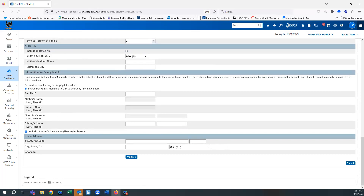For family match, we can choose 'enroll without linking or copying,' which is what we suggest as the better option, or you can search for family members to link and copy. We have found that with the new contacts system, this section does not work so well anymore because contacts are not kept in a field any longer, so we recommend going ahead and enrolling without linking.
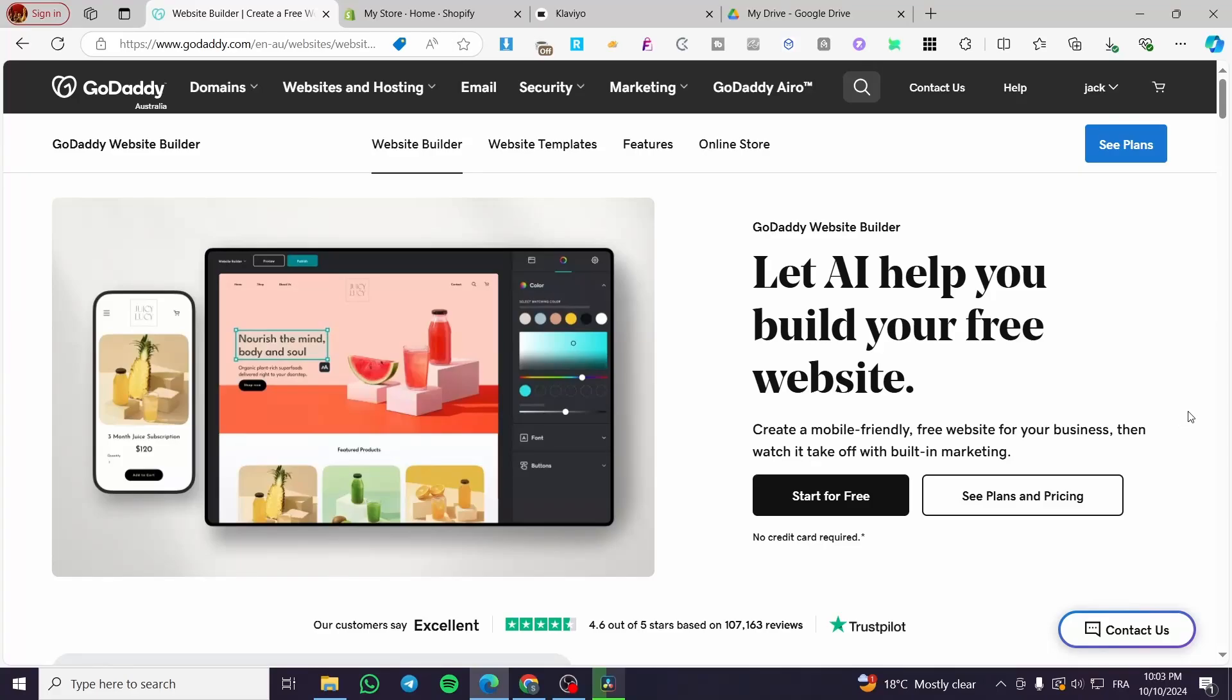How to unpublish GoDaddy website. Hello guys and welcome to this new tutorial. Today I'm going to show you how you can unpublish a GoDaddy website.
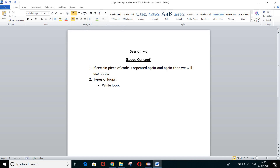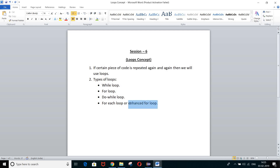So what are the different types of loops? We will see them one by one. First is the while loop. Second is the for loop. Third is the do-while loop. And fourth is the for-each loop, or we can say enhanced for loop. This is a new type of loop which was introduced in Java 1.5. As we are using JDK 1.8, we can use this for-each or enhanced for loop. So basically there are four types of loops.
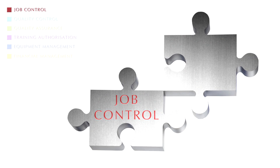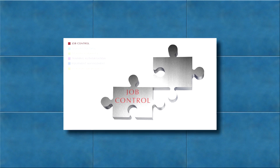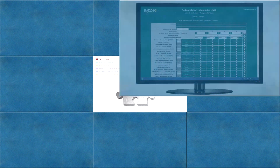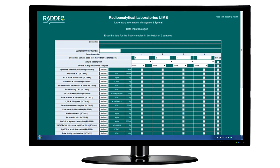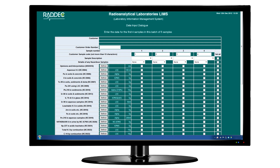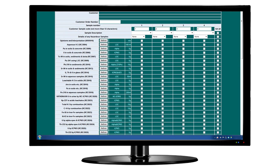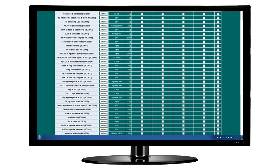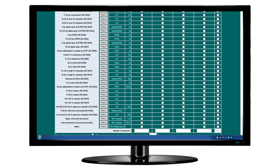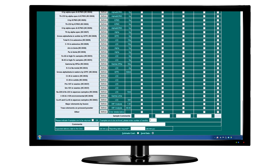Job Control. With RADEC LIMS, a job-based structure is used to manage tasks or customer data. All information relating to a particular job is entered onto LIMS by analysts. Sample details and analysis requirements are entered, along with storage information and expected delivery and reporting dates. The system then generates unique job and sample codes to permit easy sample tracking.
○ ○ ○ ○
WORK REQUEST => Print exactly what appears from the first line of the listing above down to the line containing "So what are", inclusive, and leave out all pictures.

ANSWER TO THE PROBLEM =>
For family match, we can choose 'enroll without linking or copying,' which is what we suggest as the better option, or you can search for family members to link and copy. We have found that with the new contacts system, this section does not work so well anymore because contacts are not kept in a field any longer, so we recommend going ahead and enrolling without linking.
How to unpublish GoDaddy website. Hello guys and welcome to this new tutorial. Today I'm going to show you how you can unpublish a GoDaddy website.
So what are the different types of loops? We will see them one by one. First is the while loop. Second is the for loop. Third is the do-while loop. And fourth is the for-each loop, or we can say enhanced for loop. This is a new type of loop which was introduced in Java 1.5. As we are using JDK 1.8, we can use this for-each or enhanced for loop. So basically there are four types of loops.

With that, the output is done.